(Exercise aim): The answer is the set of lines that include "with", copied from the data below.

Segment Start: Given data

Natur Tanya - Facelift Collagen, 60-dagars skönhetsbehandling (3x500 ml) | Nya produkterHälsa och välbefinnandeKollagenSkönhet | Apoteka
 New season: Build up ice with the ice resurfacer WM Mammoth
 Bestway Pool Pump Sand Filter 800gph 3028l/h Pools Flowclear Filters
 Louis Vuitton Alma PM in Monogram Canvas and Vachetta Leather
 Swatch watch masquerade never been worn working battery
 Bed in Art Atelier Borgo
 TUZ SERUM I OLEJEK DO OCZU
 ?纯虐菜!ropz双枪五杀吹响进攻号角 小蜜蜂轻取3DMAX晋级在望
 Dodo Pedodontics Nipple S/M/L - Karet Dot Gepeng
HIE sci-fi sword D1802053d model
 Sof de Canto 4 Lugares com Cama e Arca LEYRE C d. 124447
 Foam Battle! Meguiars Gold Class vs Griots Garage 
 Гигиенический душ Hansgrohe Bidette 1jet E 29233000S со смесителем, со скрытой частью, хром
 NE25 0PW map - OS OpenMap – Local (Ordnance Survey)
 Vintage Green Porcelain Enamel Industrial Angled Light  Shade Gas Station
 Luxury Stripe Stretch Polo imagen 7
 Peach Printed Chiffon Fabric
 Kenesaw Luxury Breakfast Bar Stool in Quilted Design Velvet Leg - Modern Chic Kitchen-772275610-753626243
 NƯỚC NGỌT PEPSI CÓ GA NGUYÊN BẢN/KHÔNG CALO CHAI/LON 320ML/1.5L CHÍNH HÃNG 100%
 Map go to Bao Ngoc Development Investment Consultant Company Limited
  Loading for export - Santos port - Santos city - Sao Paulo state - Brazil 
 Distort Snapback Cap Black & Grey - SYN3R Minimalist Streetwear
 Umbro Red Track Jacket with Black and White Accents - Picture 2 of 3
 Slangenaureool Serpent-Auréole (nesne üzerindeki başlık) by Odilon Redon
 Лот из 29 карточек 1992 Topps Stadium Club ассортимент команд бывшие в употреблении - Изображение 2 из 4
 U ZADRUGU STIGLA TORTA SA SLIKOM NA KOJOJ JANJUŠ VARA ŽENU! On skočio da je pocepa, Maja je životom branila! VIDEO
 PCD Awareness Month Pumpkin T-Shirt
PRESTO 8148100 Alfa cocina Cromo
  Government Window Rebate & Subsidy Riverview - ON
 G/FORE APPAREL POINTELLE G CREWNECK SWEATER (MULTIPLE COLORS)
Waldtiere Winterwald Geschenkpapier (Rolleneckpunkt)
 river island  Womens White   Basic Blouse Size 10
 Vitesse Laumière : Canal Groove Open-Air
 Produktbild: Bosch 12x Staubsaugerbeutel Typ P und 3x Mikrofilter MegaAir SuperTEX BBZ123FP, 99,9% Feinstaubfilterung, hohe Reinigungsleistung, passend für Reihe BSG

Segment End: Given data

(Task result):
 New season: Build up ice with the ice resurfacer WM Mammoth
 Umbro Red Track Jacket with Black and White Accents - Picture 2 of 3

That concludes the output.